Dataset items:
= = = = = = =
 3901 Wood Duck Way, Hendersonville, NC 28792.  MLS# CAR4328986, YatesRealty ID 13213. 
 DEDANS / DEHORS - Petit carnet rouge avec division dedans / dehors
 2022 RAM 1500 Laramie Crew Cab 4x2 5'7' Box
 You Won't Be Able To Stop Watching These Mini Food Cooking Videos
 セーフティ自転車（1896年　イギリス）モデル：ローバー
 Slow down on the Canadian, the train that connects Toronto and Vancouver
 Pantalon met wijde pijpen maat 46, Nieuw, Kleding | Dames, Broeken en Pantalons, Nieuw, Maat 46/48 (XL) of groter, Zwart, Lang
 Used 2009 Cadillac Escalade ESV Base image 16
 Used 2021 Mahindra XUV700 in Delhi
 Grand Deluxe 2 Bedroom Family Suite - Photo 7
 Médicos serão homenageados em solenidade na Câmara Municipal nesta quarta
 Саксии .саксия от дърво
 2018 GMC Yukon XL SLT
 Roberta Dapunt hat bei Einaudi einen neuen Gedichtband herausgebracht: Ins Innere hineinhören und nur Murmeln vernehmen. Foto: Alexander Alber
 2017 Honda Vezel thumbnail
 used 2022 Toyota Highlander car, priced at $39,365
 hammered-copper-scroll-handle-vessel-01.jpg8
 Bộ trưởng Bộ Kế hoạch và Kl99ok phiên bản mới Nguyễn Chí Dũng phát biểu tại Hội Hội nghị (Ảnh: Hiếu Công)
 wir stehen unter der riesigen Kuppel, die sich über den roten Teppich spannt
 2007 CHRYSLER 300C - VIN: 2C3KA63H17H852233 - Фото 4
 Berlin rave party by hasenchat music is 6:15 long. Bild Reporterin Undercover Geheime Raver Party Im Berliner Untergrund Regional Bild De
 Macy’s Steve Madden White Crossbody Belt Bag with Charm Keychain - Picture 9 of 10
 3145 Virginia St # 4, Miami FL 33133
= = = = = = =
Your output should be an exact copy of every line from the one containing "2007 CHRYSLER 300C" through the end of the records.

 2007 CHRYSLER 300C - VIN: 2C3KA63H17H852233 - Фото 4
 Berlin rave party by hasenchat music is 6:15 long. Bild Reporterin Undercover Geheime Raver Party Im Berliner Untergrund Regional Bild De
 Macy’s Steve Madden White Crossbody Belt Bag with Charm Keychain - Picture 9 of 10
 3145 Virginia St # 4, Miami FL 33133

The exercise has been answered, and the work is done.